How cheaters show what's wrong with Computer Science education. Any online programming forum gets a large number of "do my homework for me" postings. What makes it so obvious that these are homework questions reveals a great deal about what's wrong with undergraduate computer science education.

The failure to update introductory curricula to reflect changes in programming languages is responsible for much of this obviousness. The traditional syllabus of implementing data structures such as lists and trees have little pedagogical value now that these are standard language components; while students still need to know what these are and how to use them there's no point in having them code half a dozen variants of each. Data structures should be covered the same way operating systems are, as a broad survey of the subject area.
The other, more important reason that makes it obvious that a posting is homework is the complete lack of design choices associated with the problem. The requirements are precisely defined and unambiguous and usually there's one obvious choice for the program's data structures and algorithms. The challenges of real world software engineering - incomplete requirements, architectural tradeoffs, etc. - are nowhere to be found. This deficiency isn't confined to introductory computer science courses, either - for example, the ACM Programming Contest problems are little more than "identify the algorithm implied by this task and implement it".

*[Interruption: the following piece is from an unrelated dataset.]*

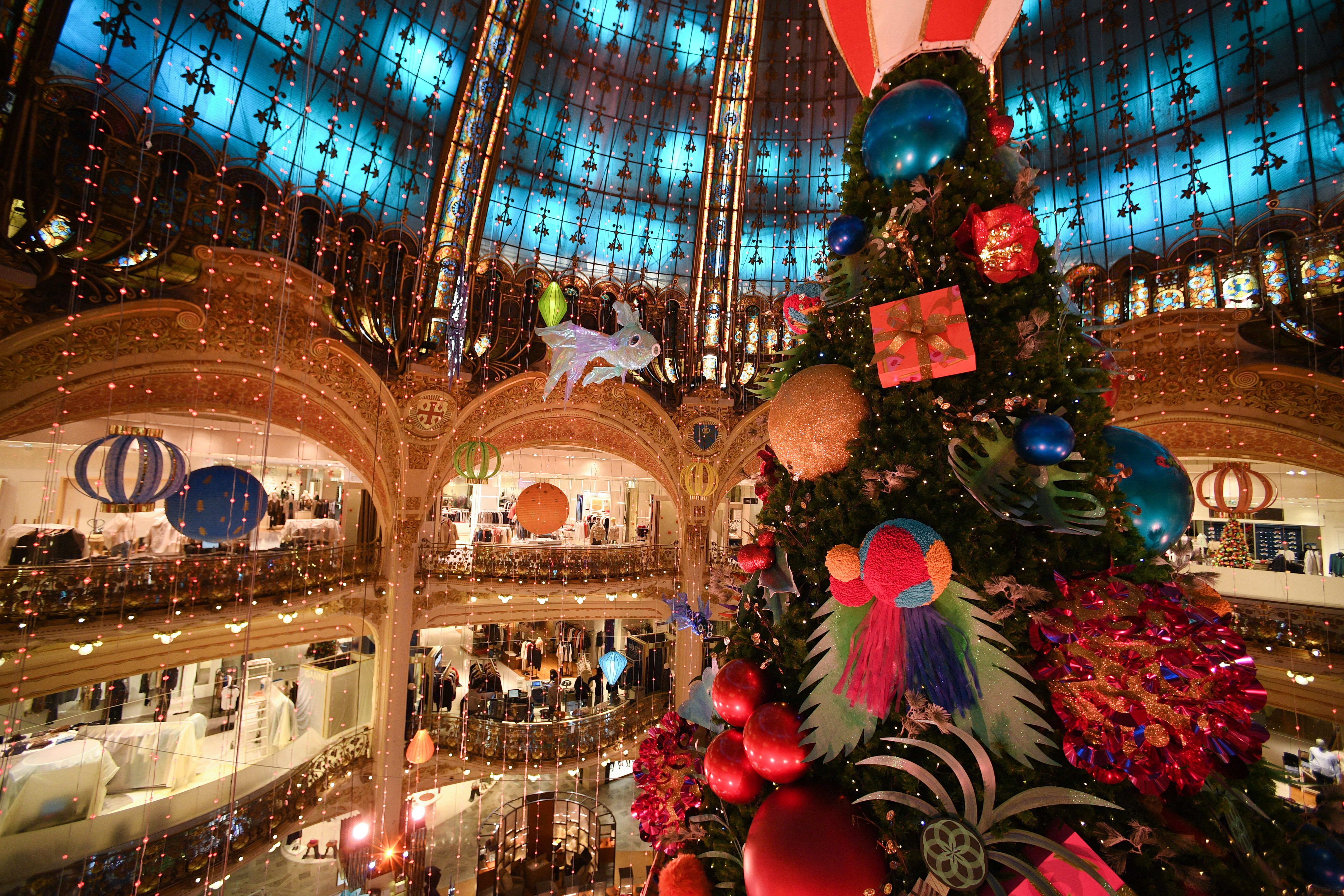 В Украине на зимние праздники планируют ввести полный локдаун, - СМИ В Украине на зимние праздники планируют ввести полный локдаун, - СМИ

So what should a good second-semester programming assignment look like? A typical assignment should have:

  • High-level requirements that incompletely specify the design requirements.
  • Multiple plausible (at first glance) implementations. There may be only one that actually works, but it should take some effort to discover it.
  • The completed assignment must include a design rationale document explaining the design choices and assumptions made by the student. In addition to forcing students to think through their design this should improve the pathetically low writing skills common to computer science students.

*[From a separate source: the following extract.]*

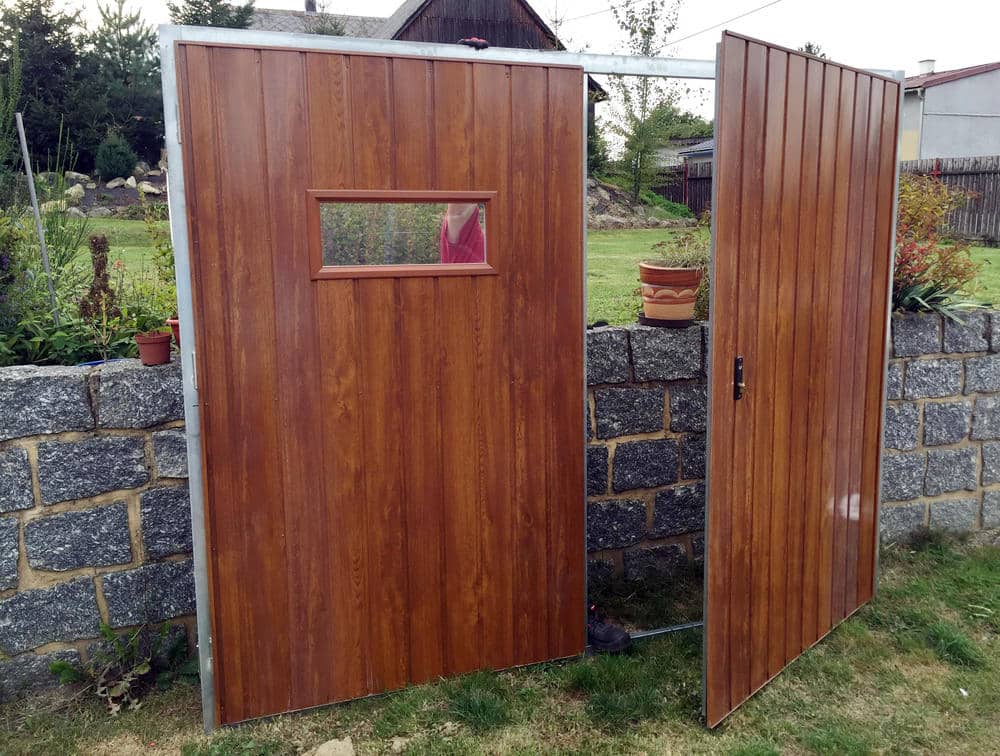 Garážová vrata 2,6×2,1 m - hnědá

Here's an example assignment:

  • Input data will be an XML document containing U.S. personal street addresses defined by the attached DTD. A sample data file is included, but the assignment will be graded using an input file of approximately 100,000 addresses.
  • Addresses are to be validated and loaded into a database. A valid address contains at least a last name, a street address or box number, a city, a valid 2-character state abbreviation, and a 5-digit numeric zip code.
  • The address database can be printed, in a format appropriate for mailing addresses, ordered by name or zip code as specified by the user.
  • Your assignment must execute correctly using no more than reasonable-limit mb of memory and in less than reasonable-limit minutes [the objective here is to rule out pathologically bad implementations].

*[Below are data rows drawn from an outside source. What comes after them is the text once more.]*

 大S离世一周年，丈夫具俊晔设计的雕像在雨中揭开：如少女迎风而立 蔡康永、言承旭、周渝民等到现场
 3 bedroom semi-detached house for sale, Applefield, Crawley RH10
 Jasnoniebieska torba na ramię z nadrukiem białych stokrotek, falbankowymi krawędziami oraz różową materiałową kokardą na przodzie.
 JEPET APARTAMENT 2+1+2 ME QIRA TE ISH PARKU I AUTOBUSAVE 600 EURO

So what's good about this assignment? There are lots of design decisions, from minor ones like whether to provide separate programs for each function to major ones such as how to parse the XML input; there are requirements that have to be researched, like determining the set of valid state abbreviations (there are more than the 50 states); and since the student doesn't get the data used to grade the assignment he or she has to actually think about how the code should work instead of attempting to get the correct output by trial and error.

The best thing about this assignment is it's almost impossible to cheat on it using the usual "post to a forum and cut and paste the response" technique. Because of the design and requirement decisions implicit in this assignment posting it to a forum is likely to produce almost as many solutions as there are responses: some good, most bad (probably 90% will try to parse the input into a DOM tree, which will fail for the complete input file), and a lot of heated debate about what solution is best. Even if the cheater picks a good solution from the responses there's still the design rationale document he or she has to turn in. Someone who doesn't understand how to solve the assignment is unlikely to be able to describe why their plagiarized solution works.